Why Stablecoins Are Becoming Blockchain’s True Killer App
The stablecoin narrative has shifted dramatically over the past year. Where DeFi once dominated discussions about blockchain’s transformative potential, stablecoins are now establishing themselves as the practical foundation for real-world adoption. Jayendra Jog emphasized this transition, noting that stablecoins have begun surpassing decentralized finance protocols as the most impactful use case for blockchain technology. The yield models emerging around stablecoin transactions, settlements, and integrations demonstrate more resilient economics than traditional fee-based structures, which create friction during market volatility.
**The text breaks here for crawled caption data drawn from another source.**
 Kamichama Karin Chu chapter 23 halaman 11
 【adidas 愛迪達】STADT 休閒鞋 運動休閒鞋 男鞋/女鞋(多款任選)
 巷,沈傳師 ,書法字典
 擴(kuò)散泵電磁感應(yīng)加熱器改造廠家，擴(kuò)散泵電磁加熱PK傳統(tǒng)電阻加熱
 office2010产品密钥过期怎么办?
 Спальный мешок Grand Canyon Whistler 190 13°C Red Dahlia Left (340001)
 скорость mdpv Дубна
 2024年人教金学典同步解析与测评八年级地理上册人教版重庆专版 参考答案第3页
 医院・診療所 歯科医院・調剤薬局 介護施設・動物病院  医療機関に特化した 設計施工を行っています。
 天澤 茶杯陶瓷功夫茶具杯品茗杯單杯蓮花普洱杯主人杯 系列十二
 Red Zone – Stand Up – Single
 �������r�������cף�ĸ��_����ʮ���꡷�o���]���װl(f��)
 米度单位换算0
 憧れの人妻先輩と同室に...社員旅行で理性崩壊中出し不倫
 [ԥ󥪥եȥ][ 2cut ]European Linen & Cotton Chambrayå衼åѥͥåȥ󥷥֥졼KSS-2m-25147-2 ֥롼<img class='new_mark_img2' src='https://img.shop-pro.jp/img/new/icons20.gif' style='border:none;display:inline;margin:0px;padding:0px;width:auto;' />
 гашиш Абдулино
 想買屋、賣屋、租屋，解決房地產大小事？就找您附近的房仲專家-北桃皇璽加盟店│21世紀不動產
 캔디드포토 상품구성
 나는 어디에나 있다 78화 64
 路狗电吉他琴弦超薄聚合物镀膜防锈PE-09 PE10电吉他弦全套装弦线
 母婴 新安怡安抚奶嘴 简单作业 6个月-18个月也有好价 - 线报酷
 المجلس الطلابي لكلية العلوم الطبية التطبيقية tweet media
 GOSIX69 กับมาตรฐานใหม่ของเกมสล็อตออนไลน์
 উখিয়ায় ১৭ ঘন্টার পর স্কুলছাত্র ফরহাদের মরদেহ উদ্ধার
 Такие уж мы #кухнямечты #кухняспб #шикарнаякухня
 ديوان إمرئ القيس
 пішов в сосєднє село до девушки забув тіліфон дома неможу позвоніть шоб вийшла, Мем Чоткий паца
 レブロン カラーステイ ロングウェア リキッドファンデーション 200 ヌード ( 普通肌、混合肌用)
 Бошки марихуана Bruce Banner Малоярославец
The Reality Check on Dedicated Stablecoin Chains
While the industry has seen a proliferation of networks specifically engineered for stablecoin issuance and transfers, Jayendra Jog offered a measured assessment of this trend. He acknowledged that purpose-built chains do offer technical optimizations—particularly in throughput and regulatory compliance—but cautioned that their competitive differentiation remains limited. Most critically, dedicated stablecoin chains have yet to demonstrate their ability to achieve meaningful scale or drive large-scale user adoption, suggesting that specialized design alone is insufficient without network effects and robust ecosystems.
Sei Network’s Infrastructure Advantage in Payments
Jayendra Jog highlighted Sei Network’s distinctive positioning in the stablecoin infrastructure race. The platform has already established itself as the lowest-cost EVM-compatible stablecoin transfer network, with typical transfers averaging just $0.0005 per transaction. Looking ahead, the Sei Giga upgrade will push these advantages further, enabling throughput up to 200,000 transactions per second with confirmation times as brief as 400 milliseconds. This performance envelope positions Sei for leadership across stablecoin payments, real-world asset (RWA) tokenization, and derivatives trading—three critical verticals where transaction finality and cost efficiency are paramount.
The broader implication of Jayendra Jog’s remarks is that stablecoin infrastructure will become the foundation upon which next-generation blockchain services are built, prioritizing reliability and efficiency over experimental financial primitives.